HeadLength = 15 'The Length Of The Arrow Head
xBase = X2 - Round(HeadLength * xLineUnitDelta)
yBase = Y2 - Round(HeadLength * yLineUnitDelta)

xNormalDelta = yLineDelta
yNormalDelta = -xLineDelta
xNormalUnitDelta = xNormalDelta / Sqr((xNormalDelta * xNormalDelta) + (yNormalDelta * yNormalDelta))
yNormalUnitDelta = yNormalDelta / Sqr((xNormalDelta * xNormalDelta) + (yNormalDelta * yNormalDelta))


'// Draw the arrow tip
Me.Line (X1, Y1)-(X2, Y2)

'here is one side of the arrow
'x1=xBase+Round(HeadLength * xNormalUnitDelta)
'y1=yBase + Round(HeadLength * yNormalUnitDelta)
Me.Line (xBase + Round(HeadLength * xNormalUnitDelta), yBase + Round(HeadLength * yNormalUnitDelta))-(X2, Y2)

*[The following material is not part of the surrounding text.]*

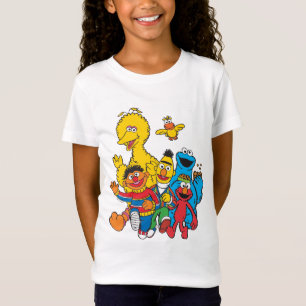 Camiseta Vintage 123 Sesame Street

'here is the other side of the arrow
'x1=xBase+Round(HeadLength * xNormalUnitDelta)
'y1=yBase + Round(HeadLength * yNormalUnitDelta)
Me.Line (xBase - Round(HeadLength * xNormalUnitDelta), yBase - Round(HeadLength * yNormalUnitDelta))-(X2, Y2)





Thanks

OK, when drawing lines it is always a good idea to look at the angle formed between the line and the x-axis.
this way, if you want a line at T degrees, length L from the x-axis starting at X1,Y1, the line is:
(X1,Y1)->(X1+R*cos(T), Y1+R*sin(T))

Then, as you are now wanting two lines 45 degrees off the endpoint, the new lines are at 45+T and 135+T degrees from the X-Axis (or pi/4 +T and 3Pi/4 +T radians)

You can use the same formula then to draw the new lines, with starting point X2=X1+R*cos(T) and Y2=Y1+R*sin(T)

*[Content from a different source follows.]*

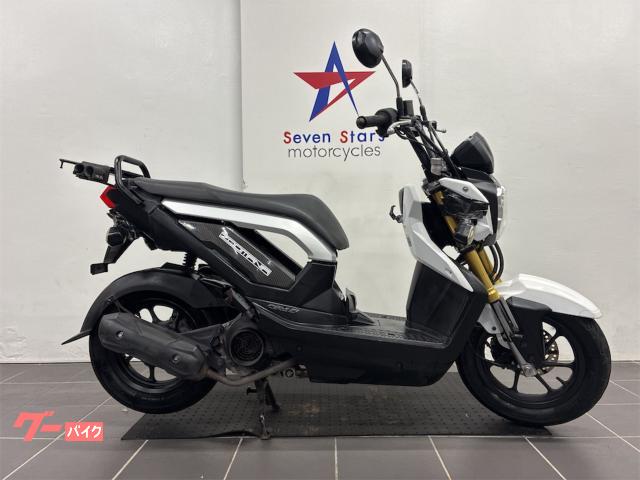 ホンダ ズーマーX FI フロントディスクブレーキ ガソリン残量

Finally, i'm not too sure about what happens with angles with the same tan value (like, 30 and 210 degrees) whether this works fine, or whether some if-statements must be added to see if the angle is < or >=180 degrees.

I think this should be correct in all instances.

Referring to the drawing, (your arrow is blue):

http://www.vbforums.com/attachment.php?s=&postid=1473475

alpha is 45 deg. in your case, but I have written the general case.

theta is the angle between the (x1,y1) to (x2,y2) segment and the x axis. In the drawing it is > 180 deg. because the arrow is pointing downwards and to the left.

The coordinates you want to figure out are (x3,y3) and (x4,y4).

Then:

x3 = x2 + cos(Beta2)
y3 = y2 + sin(Beta2)
x4 = x2 + cos(Beta1)
y4 = y2 + sin(Beta1)

and cos & sin of Beta2 and Beta1 as a function of alpha and theta are calculated by means of elemental trig. formulas:

Beta2 = theta - (Pi - alpha)
Beta1 = theta + (Pi - alpha)

cos(Beta2) = sin(theta)sin(alpha) - cos(theta)cos(alpha)
sin(Beta2) = -sin(theta)cos(alpha) - cos(theta)sin(alpha)
cos(Beta1) = -sin(theta)sin(alpha) - cos(theta)cos(alpha)
sin (Beta1) = -sin(theta)cos(alpha) + cos(theta)sin(alpha)

I have written a demo project where I have made a few changes to take user scales into account, otherwise if the vertical and horizontal scales are not the same your arrow could come out quite out of this world.

Here's a new drawing I've used in relation to the code.

http://www.vbforums.com/attachment.php?s=&postid=1500193

Couldn't you have an X and Y range?

If you did then you could find the position by (this is for X):
(X - Xmin) / (Xmax - Xmin) = decimal percent. of placement inside pic
where Xmin <= X <= Xmax
then
Pic1.left + round( dec. percent * Pic1.Width) = X coordinate

This way, your graph is scalable. :)

NOTE: Please check to make sure I'm right. Also, sorry if I am reiterating anything here. I did not get a chance to look at the attachment.

Originally posted by Darkwraith
Couldn't you have an X and Y range?

If you did then you could find the position by (this is for X):
(X - Xmin) / (Xmax - Xmin) = decimal percent. of placement inside pic
where Xmin <= X <= Xmax
then
Pic1.left + round( dec. percent * Pic1.Width) = X coordinate

This way, your graph is scalable. :)

NOTE: Please check to make sure I'm right. Also, sorry if I am reiterating anything here. I did not get a chance to look at the attachment.
At first glance I'd say this is more or less what I do. See the attachment and take a look at the code.